1. The age at which an orator should begin to plead in public must doubtless be fixed according to the student's capacity. I should name no particular year, for it is well known that Demosthenes pleaded his cause against his guardians when he was quite a boy; Calvus, Caesar, and Pollio undertook causes of the highest importance long before they were of age for the quaestorship; it is said that some have pleaded in the toga praetexta; and Caesar Augustus pronounced a funeral eulogium on his grandmother at the age of twelve.

2. But it seems to me that a medium should be observed so that a countenance too young for the public eye may not be made prematurely bold and that whatever is still crude in a young man may not suffer by exposure, for this is how disdain of study arises, the foundations of effrontery are laid, and (what is in all cases most pernicious) presumption goes before ability. 3. Apprenticeship, on the other hand, should not be put off until an advanced age, for fear then grows upon us from day to day, what we have still to attempt appears continually more alarming, and while we are deliberating when we will begin, we find that the time for beginning is past.

Accordingly, the fruit of study ought to be produced in its greenness and first sweets, while there is hope of indulgence, while favor is ready to be shown, and while it is not unbecoming to make a first trial. Age will supply what is deficient in the attempts of youth, and whatever is expressed in too turgescent a style will be received as evidence of a vigorous genius. Such is all that passage of Cicero in his speech for Sextus Roscius, Quid enim tam commune, quam spiritus vivis, terra mortuis, mare, fluctuantibus, litus ejectis, "For what is more common than the air to the living, the earth to the dead, the sea to navigators, the shore to those cast up out of the deep," etc.. He was 26 years old when he delivered that speech, which received the greatest applause from his audience; at a more advanced period of life, he observed that his style had fermented in the course of time and had grown clear with age. 4. To say the truth, whatever improvement private study may produce, there is still a peculiar advantage attendant on our appearance in the forum, where the light is different and there is an appearance of real responsibility quite different from the fictitious cases of the schools. If we estimate the two separately, practice without learning will be of more avail than learning without practice. 5. Hence, some who have grown old in the schools are astonished at the novelty of things when they come before the tribunals, and they look in vain for something similar to their scholastic exercises. But in the forum, the judge is silent, the adversary noisy, and nothing uttered rashly is unnoticed. Whatever we assert, we must prove. There may be no time to deliver a speech which has been prepared and composed with the labor of whole days and nights. In some cases, laying aside the ostentation of trumpeting forth fine words, we must speak in the tone of conversation, to which our eloquent declaimers are utter strangers, and we may accordingly find some of them who are, in their own opinion, too eloquent for pleading causes.
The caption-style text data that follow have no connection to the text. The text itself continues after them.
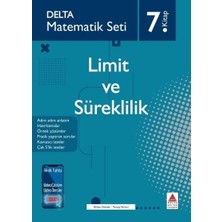 Delta Kültür Yayınevi Delta Matematik Seti 7-Limit Ve Süreklilik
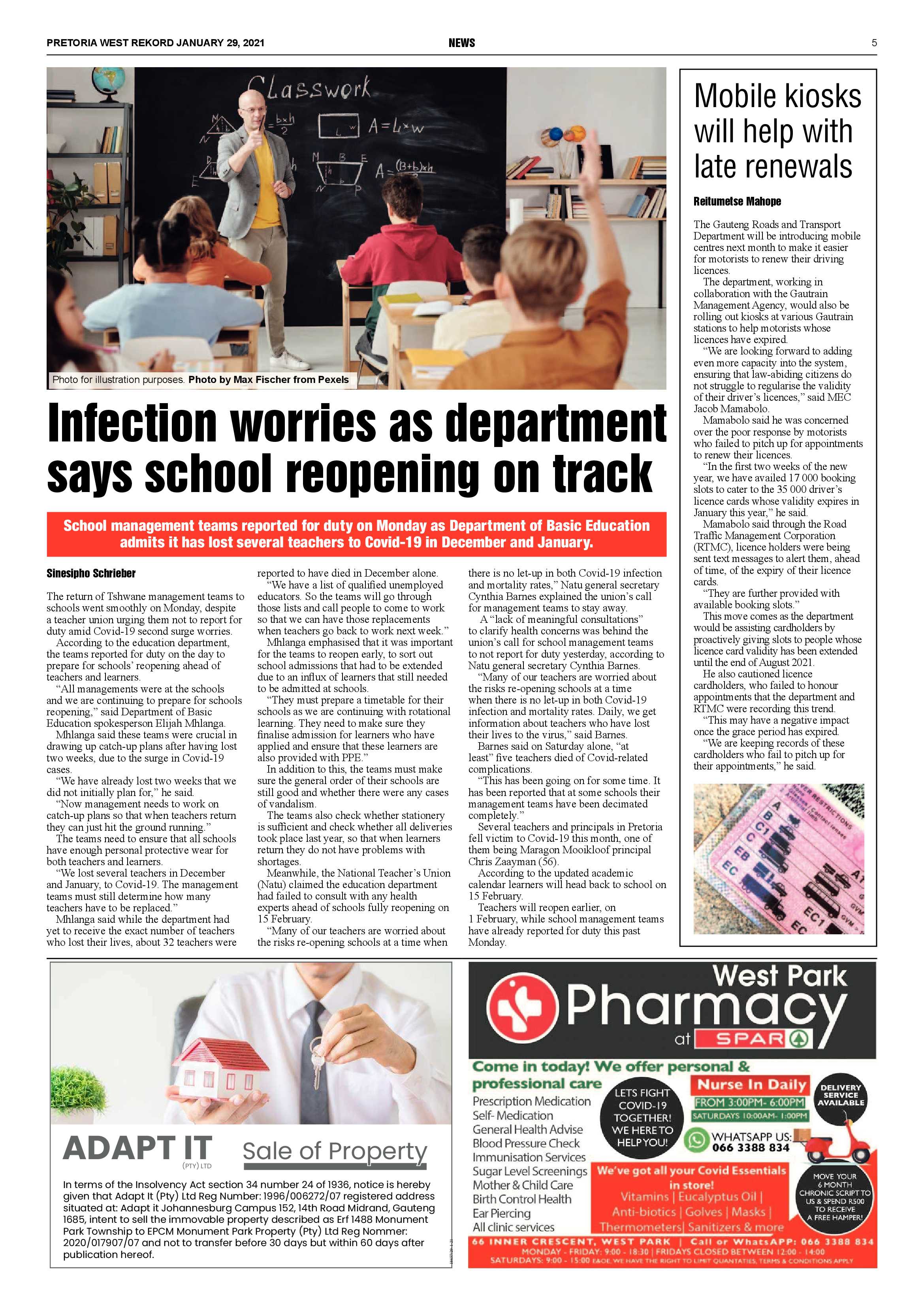 Rekord West 29 January 2021 page 5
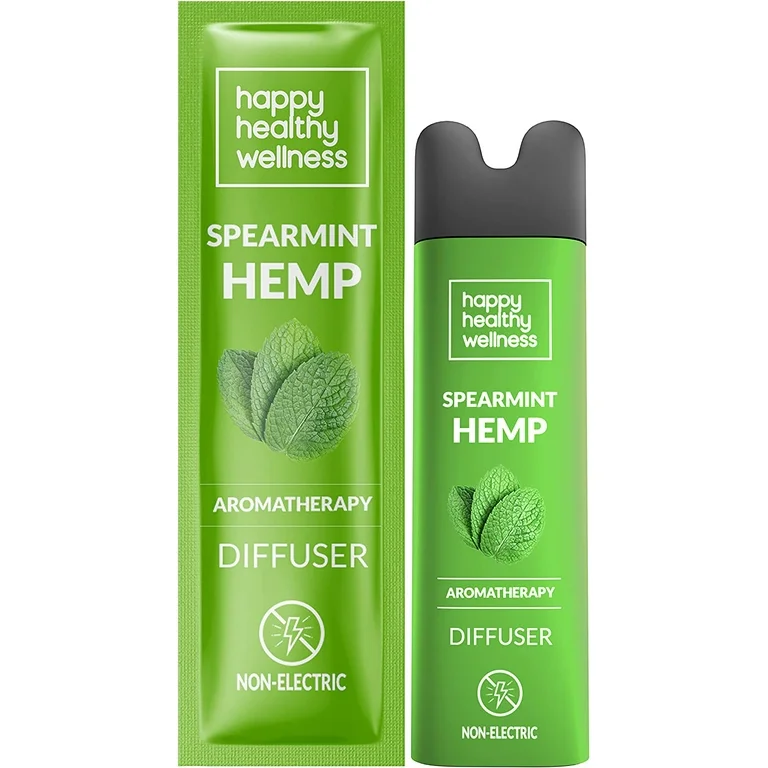 Happy Healthy Wellness -  Spearmint  Hemp - The Society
6. But I should wish my young student, whom I have brought into the forum dependent on strength still immature, to commence with as easy and favorable a cause as possible, just as the young of wild animals are fed with the most delicate food that they can catch. But I would not have him continue to plead causes uninterruptedly after his commencement and render his genius, which still requires nourishment, hard and insensible. But once he knows what a real combat is and for what he has to prepare himself, I would like him to recruit and renew his strength. 7. Thus he will get over the fear of a first attempt while it is easier for him to make it, but will not make the facility which he experiences in his first essays a reason for despising labor. Cicero adopted this plan: when he had already gained an honorable name among the pleaders of his day, he made a voyage into Asia and doubtless attended on other masters of eloquence and wisdom. But he committed himself especially to Apollonius Molo at Rhodes, of whom he had been an auditor at Rome, to be fashioned and cast, as it were, anew. It is then, indeed, that labor properly becomes valuable, when theory and experience are duly united.